Display of water coverage for a selected timestep¶

From the graph above you can choose any timestep (between 0 and 45) to display the result on the for both WOfS and Landsat 8.

For example, let us look at the fifth timestep, timestep = 4.

timestep = 4

# Plot water extent
fig, ax = plt.subplots(1, 2, figsize=(12, 6))

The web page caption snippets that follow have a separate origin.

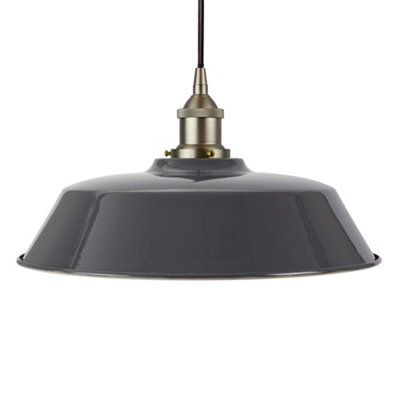 Slate Grey Chancery Painted Dome Pendant Light With Brushed Chrome Lamp Holder And Black Round Cable - Se Home - image 1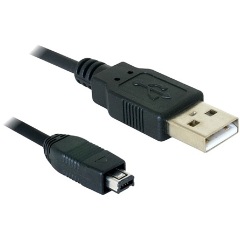 Delock USB-A 2.0 -> USB-B 2.0 mini 4pin M/M adatkábel 1.5m fekete (Hirose)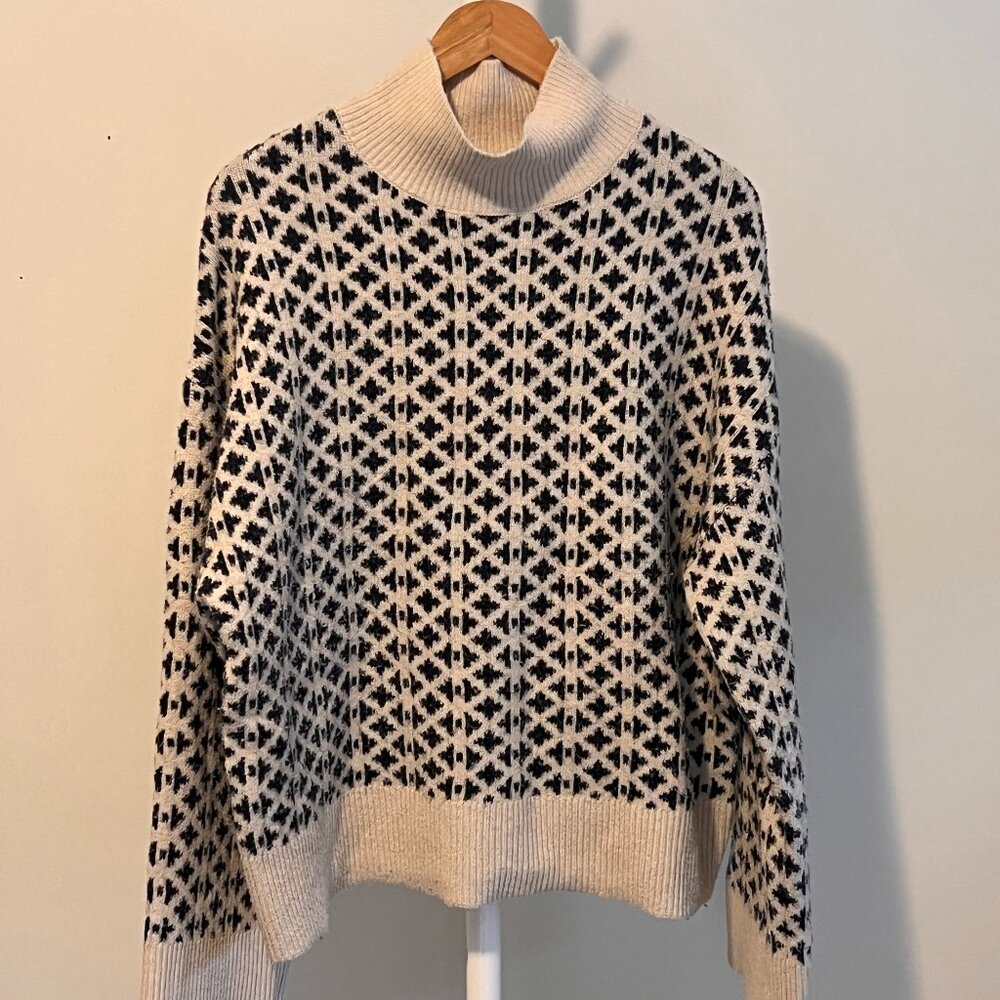 Blue & Cream Scandi Pattern Oversized Turtleneck Sweater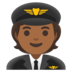 Pilot: Medium-dark Skin Tone Emoji Copy Paste ― 🧑🏾‍✈ - google-android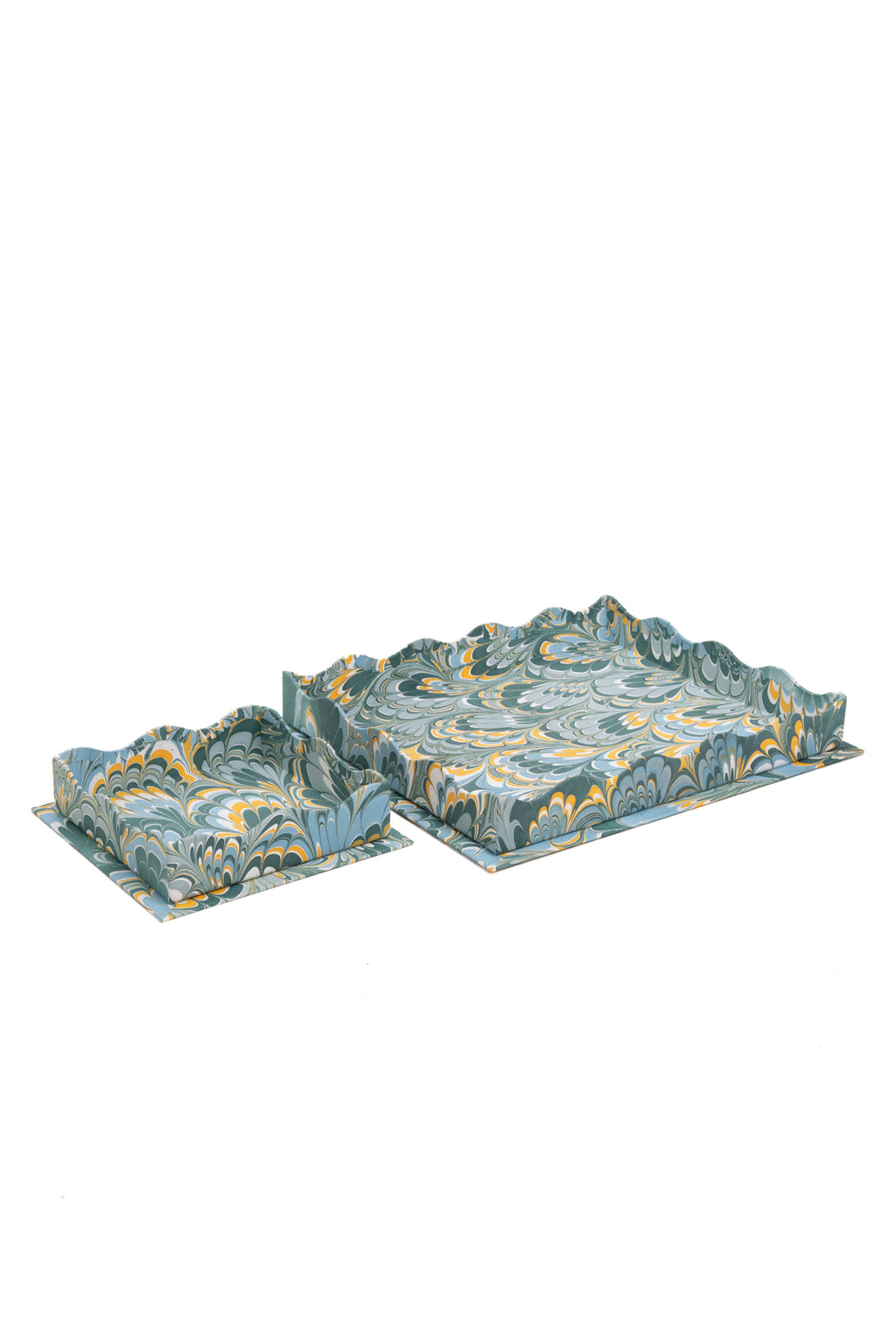 Nesting Scalloped Hand-Marbled Trays in Blue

#plot the true colour image
ds_nearest_landsat = ds_landsat.sel(time=ds_wofs.time.isel(time=timestep), method='nearest')
rgb(ds_nearest_landsat, ax=ax[0])

# plot the water extent from WOfS
ds_wofs.isel(time=timestep).water.plot.imshow(ax=ax[1], cmap="Blues", add_colorbar=False)

# Titles
ax[0].set_title("Water Extent - Landsat"), ax[0].xaxis.set_visible(False), ax[0].yaxis.set_visible(False)
ax[1].set_title("Water Extent - WOFS"), ax[1].xaxis.set_visible(False), ax[1].yaxis.set_visible(False)

plt.show()

This code uses some additional settings to customise the plot, including allowing to have two plots together. If you want to know more about making this kind of plot, please ask the instructors during a live session.

Try different timestep values — can you find an image where the lake is dried out?

Conclusion¶

Congratulations! You have made your own water extent notebook. It is comparible to the existing Sandbox water extent notebook.

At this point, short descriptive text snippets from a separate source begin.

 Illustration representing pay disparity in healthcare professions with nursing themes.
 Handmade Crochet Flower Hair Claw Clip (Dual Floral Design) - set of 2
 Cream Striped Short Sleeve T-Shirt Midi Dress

You’ve now built your second case study! You make like to reflect on what was similar and different between the two. Are there any pieces of code you could reuse for a new analysis? How might you modify your case studies to do more complex analysis?

If you’d like to experiment futher, try running the code with different areas. Did you learn anything interesting to share with us?

Optional activity¶

If you’re curious about how the existing case study works, you can open and run it in the Sandbox:

From the main Sandbox folder, open the Real_world_examples folder
Double-click the Water_extent.ipynb notebook to open it

The notebook has already been run, so you can read through it step by step. However, you may find it valuable to clear the outputs and run each cell step by step to see how it works. You can do this by clicking Kernel -> Restart Kernel and Clear All Outputs. When asked whether you want to restart the kernel, click Restart.

Note

If you want to significantly modify it, we recommend you make a copy, like you did in Session 1.

There are many similarities between the notebook you built in this session, and the existing Sandbox notebook. Maybe make a note of what is similar and what is different. If you have any questions about how the existing notebook works, please ask the instructors during a live session.